Since inspectors always seem to find something wrong, it stands to reason that any homeowner who uses their kind of thorough thinking as a model during a once-a-year maintenance review—preferably in the fall, before rough weather sets in, and with a notepad in hand—will catch small problems before they balloon into major expenses. You don’t need to hire a pro, though it may be warranted under certain circumstances. But just knowing where and how to look will help you create a didn’t-miss-a-thing repair list, from which you can check items off one by one to keep your house in good health. “You won’t be able to do everything a pro inspector does,” says Tom, “but you’ll stay one step ahead of the wind and the rain.”
Here’s a five-step plan of attack for looking at your house with the careful eye of a pro.
1. JUDGE A BOOK BY ITS COVER
The logical place to start any fall maintenance inspection and repair list is outside, where you can take in the big picture. For Tom Silva, that means doing something as simple as standing and looking at the house. Conspicuous changes from year to year, like cockeyed windows or a sway in the roof, indicate an ongoing problem, such as a compromised foundation that’s pulling the house down.

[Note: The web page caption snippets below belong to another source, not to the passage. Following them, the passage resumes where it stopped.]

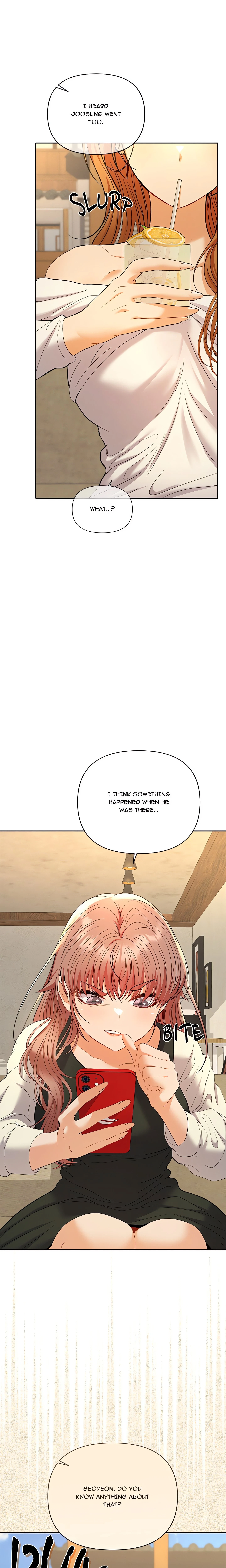 Chapter 11, page 27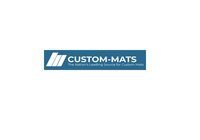 Custom-Mats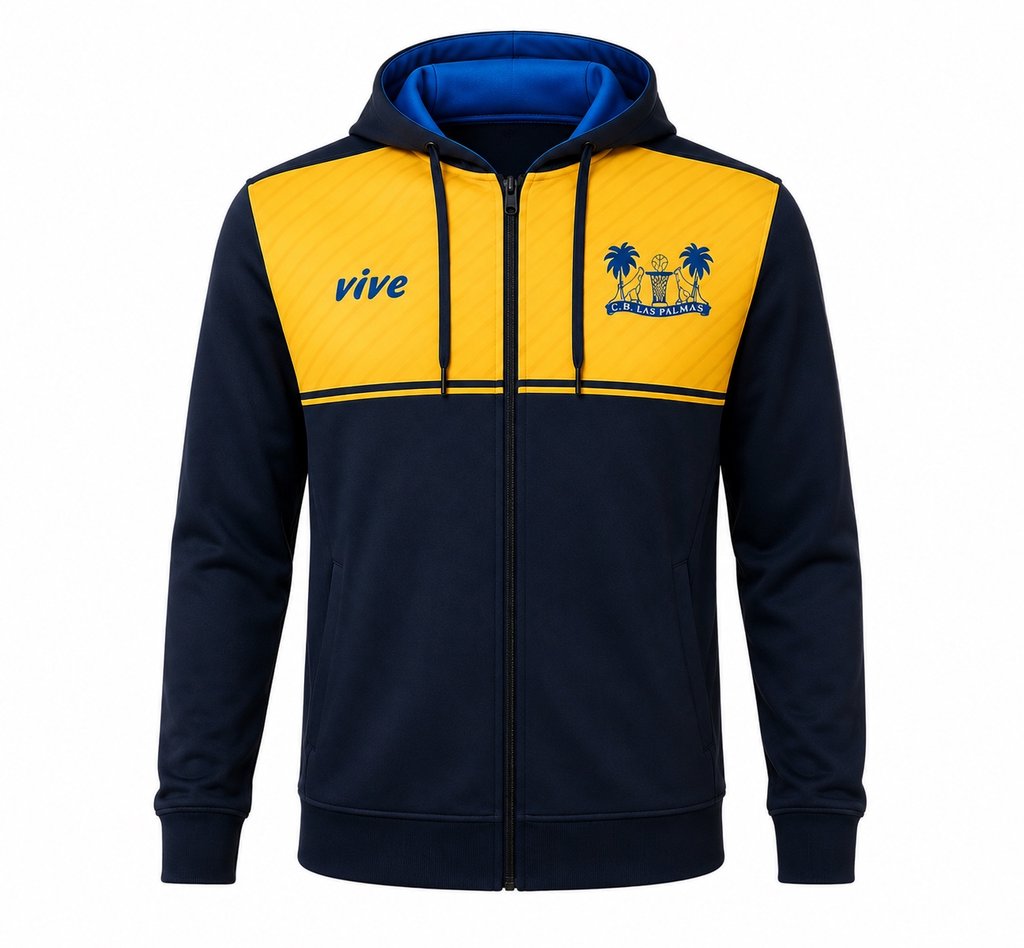 https://api.clupik.com/clubs/1203/shop/image/87529?format=large
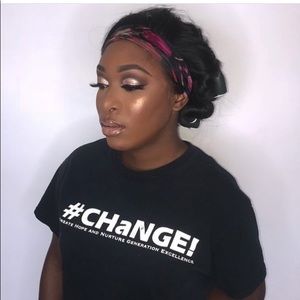 Meet your Posher, Jnaka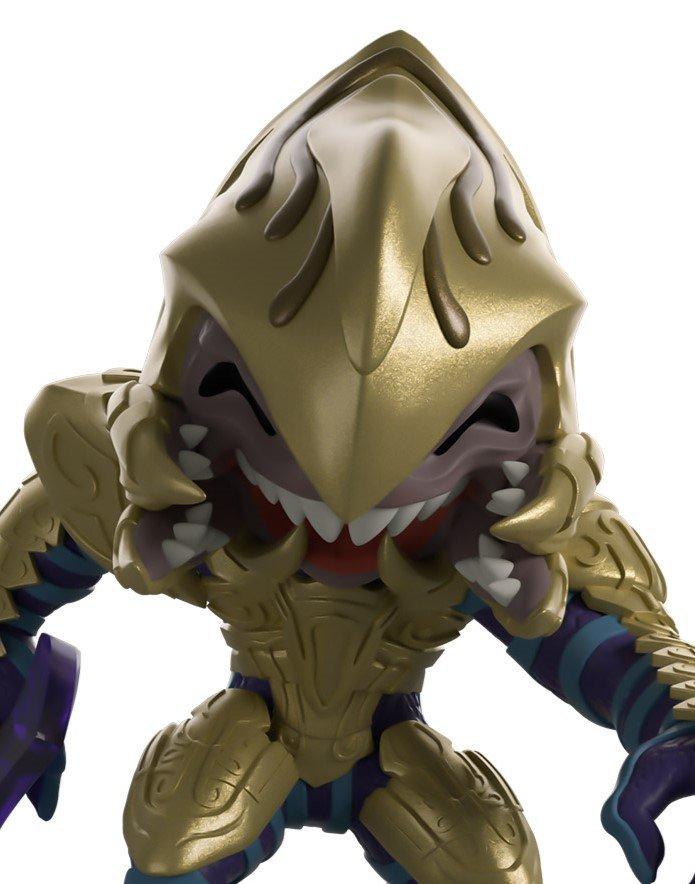 Youtooz Halo Arbiter 4.1-in Vinyl Figure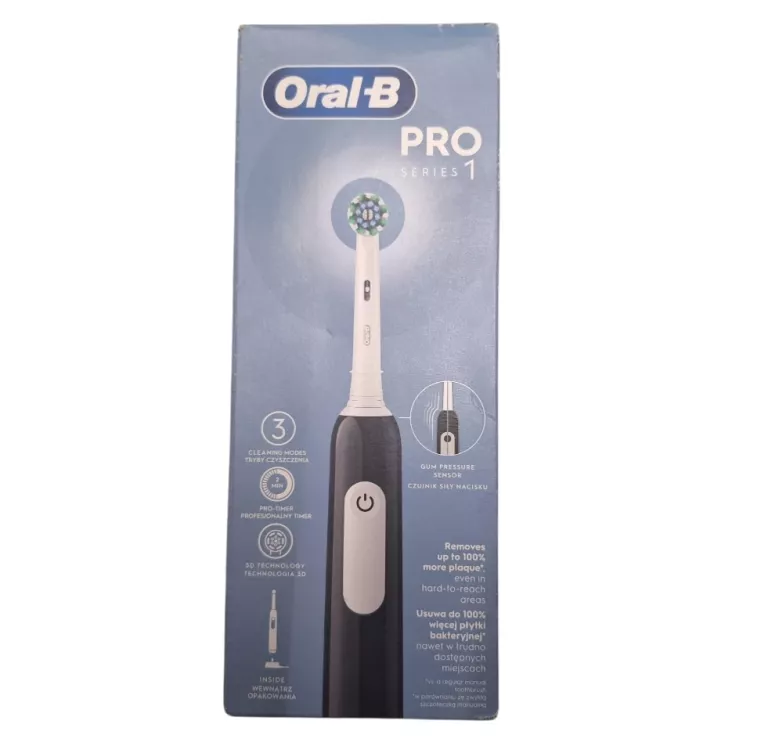 szczoteczka-elektryczna-do-zebow-oral-b-pro-series-1-czarna-obrotowa-pradzynskiego-34-wroclaw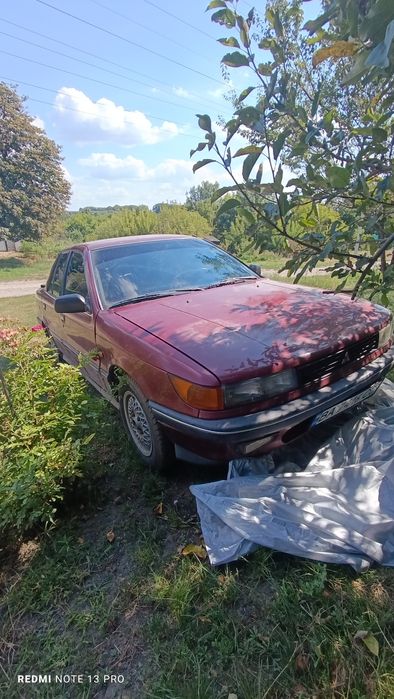 Продам Авто під ремонт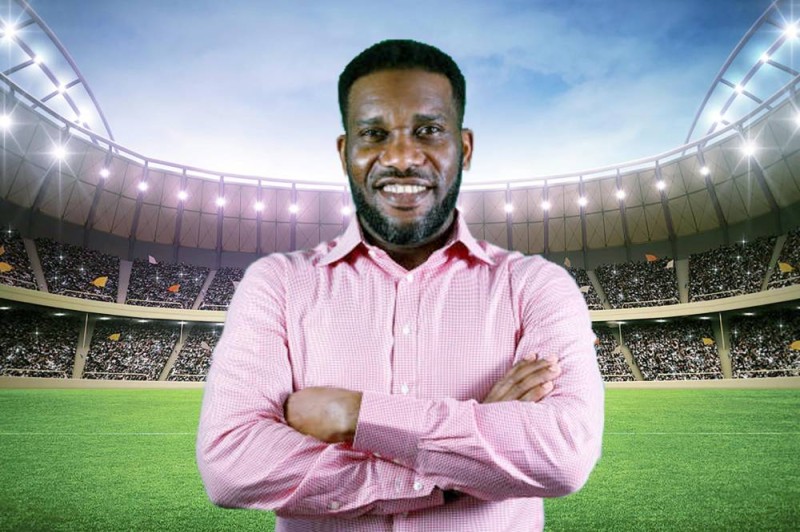 Jay-Jay-Okocha-1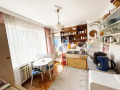 Продава 3-СТАЕН, град Шумен, Център • 165000 € • 61299877 2 — Holmes.bg Продава 3-СТАЕН, град Шумен, Център • 165000 € • 61299877 2
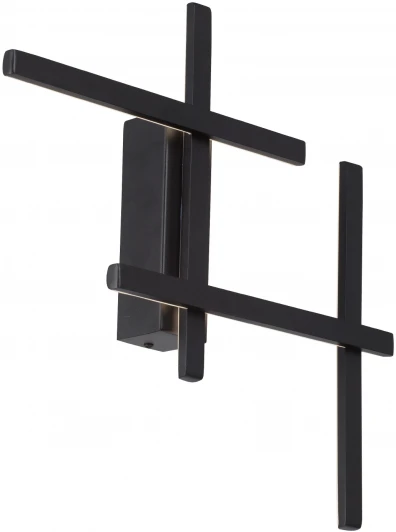 V3043-1/4A Настенный светильник светодиодный Vitaluce V3043-1/4A (220V)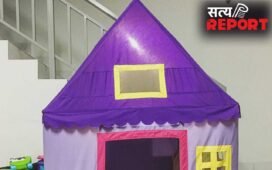 चादर हो गई है पुरानी तो कोने में न फेंक दें, इसकी बना लें ये काम की चीजें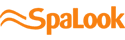 Spalook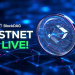 blockdagtestnet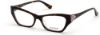 Picture of Guess Eyeglasses GU2747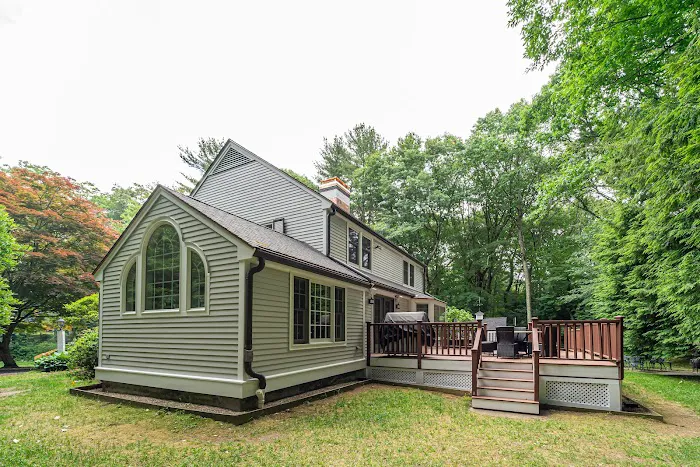 All Times Construction Picture 4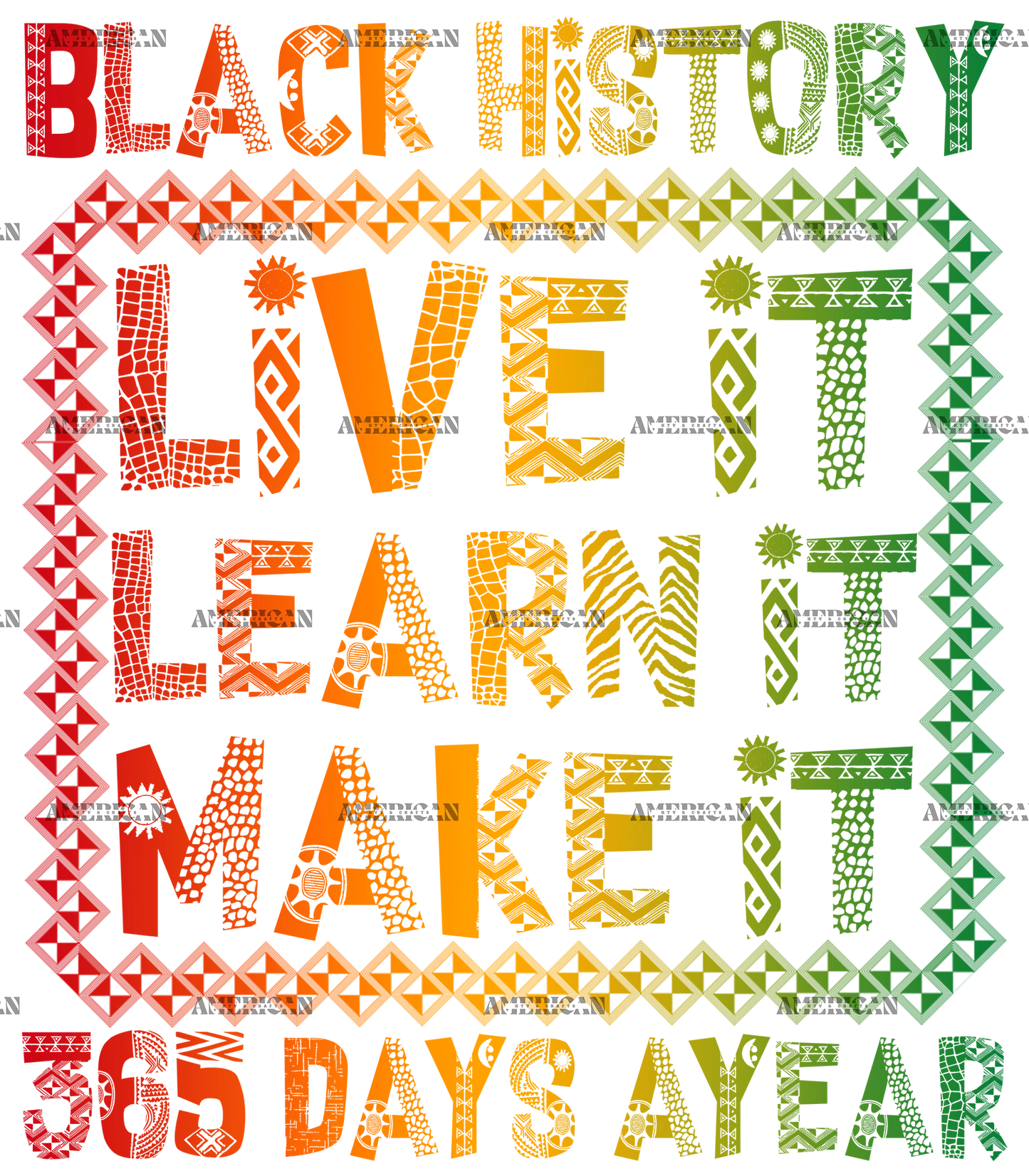 Black_History_365_Days_Ayear.png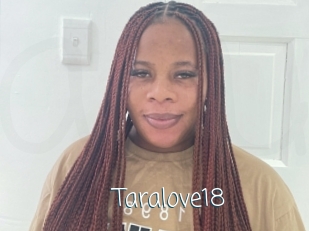 taralove18 Adult o Porn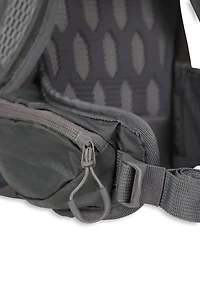 EMS Sector 20L Backpack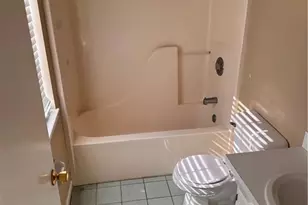 6446 River Park, Riverdale, GA 30274 - Photo 3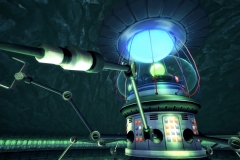 PS4 Xbox One「ドラゴンボール ファイターズ」第3弾PV.mp4_snapshot_02.58_[2017.11.01_14.54.19]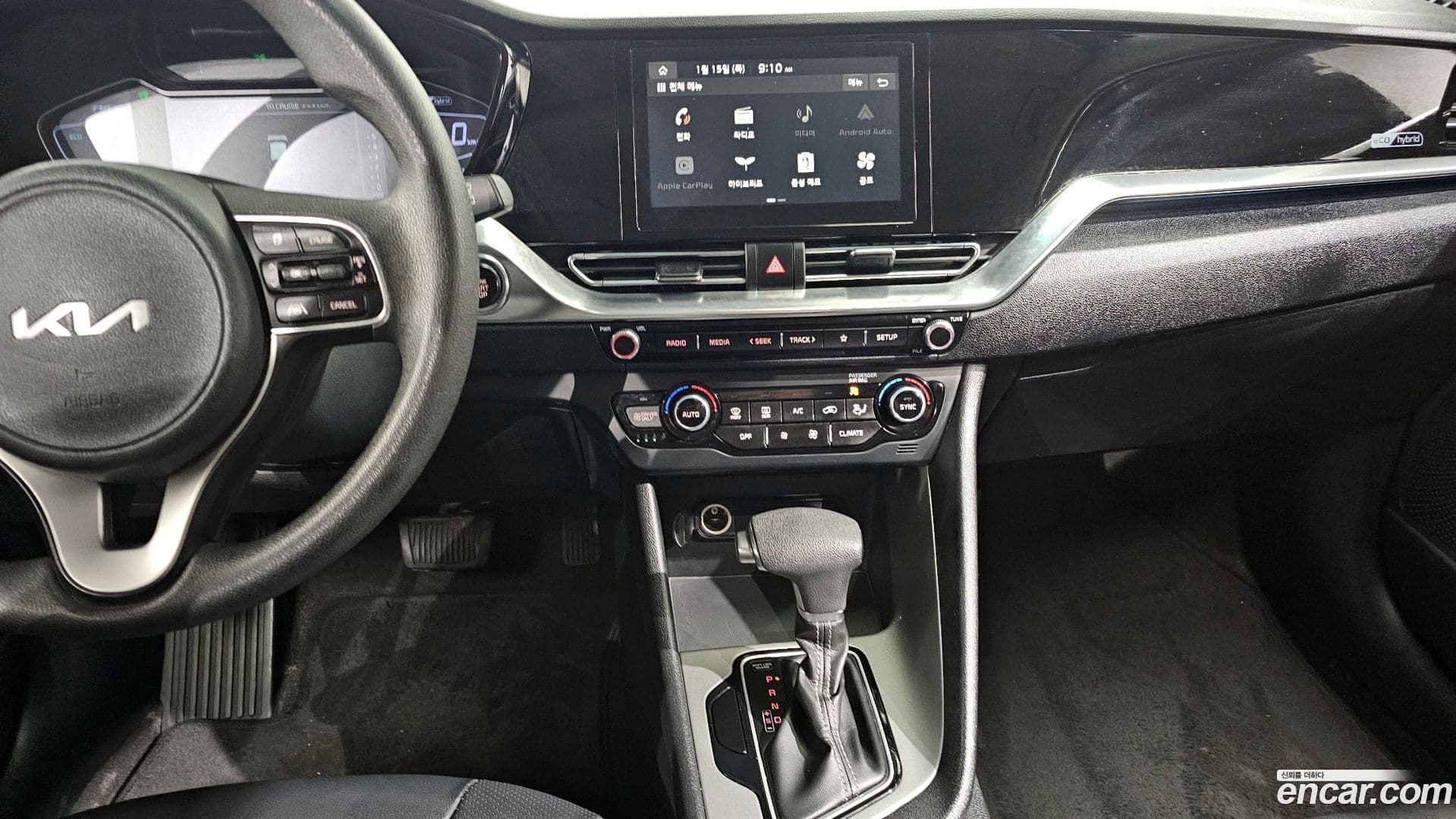 Main__Slider__Photo:Niro Kia 2021.8-18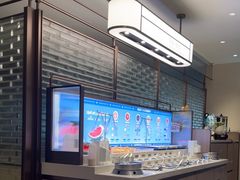 -海底捞火锅(高科广场店)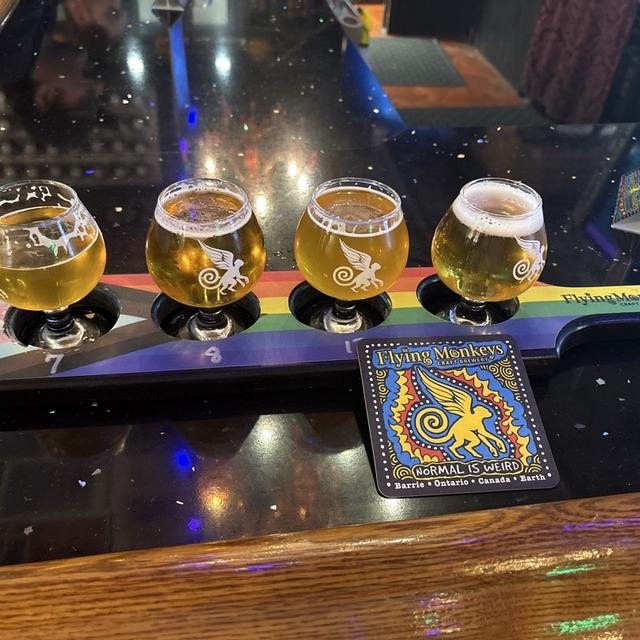 Recent check-in photo 2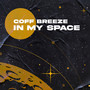 In My Space (Explicit)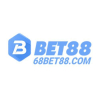 bet88com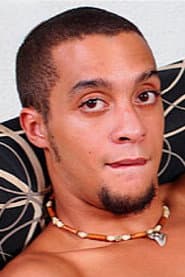 Photo of Kaven Sincer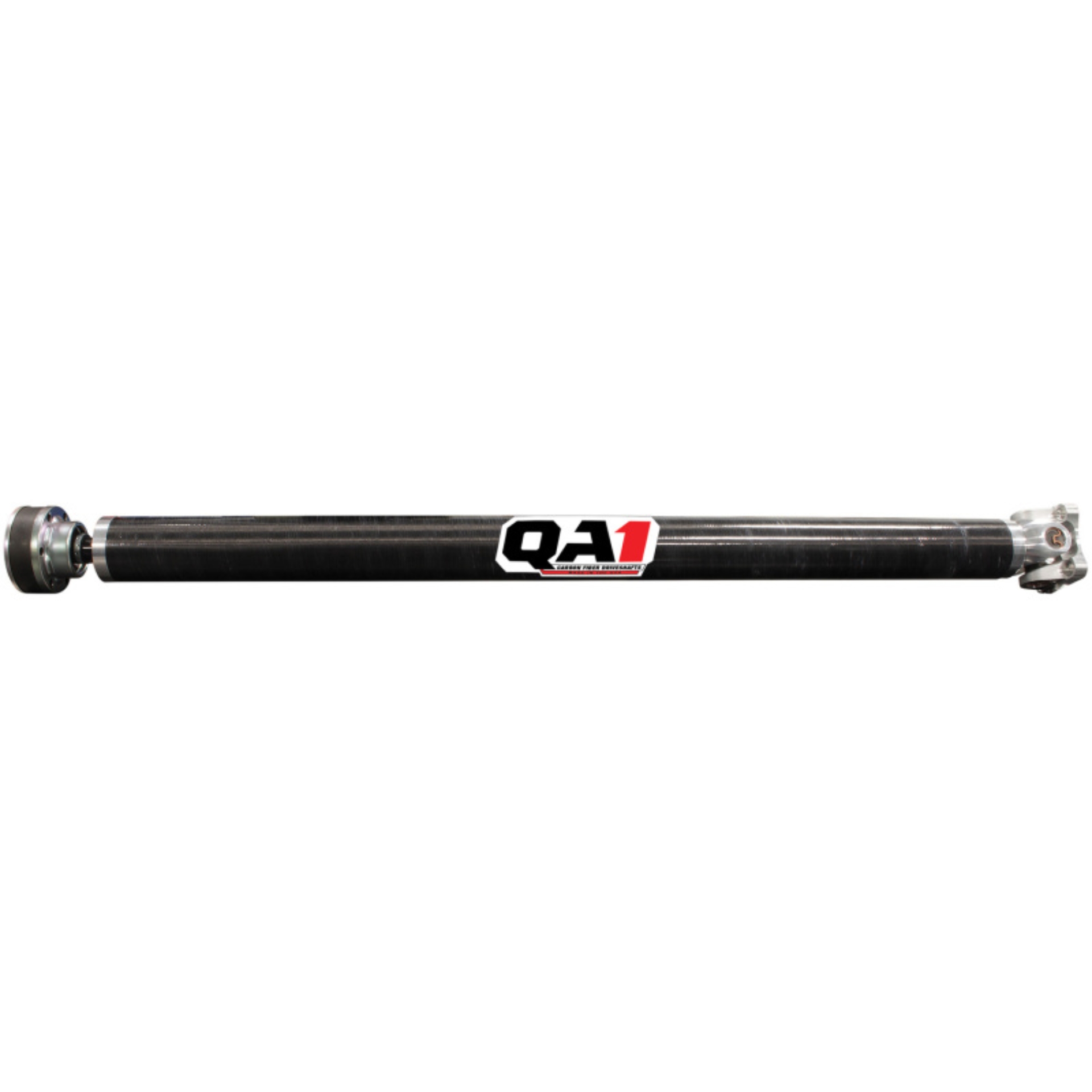 Picture of QA1 QAP Driveshaft-REV Series - JJ-21209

But you also need to look at the parts that make up the whole: chimney, roofing, flashing, siding. Take note if anything is broken, cracked, curled, split, or crooked. But also pay attention to less overt signs: stains on siding that could mean water isn’t flowing through the gutters and downspouts, peeling paint or missing mortar in distressed spots, small holes or droppings near animal or insect nests. Be especially conscious of the presence of vermin, because they chew on framing and wiring.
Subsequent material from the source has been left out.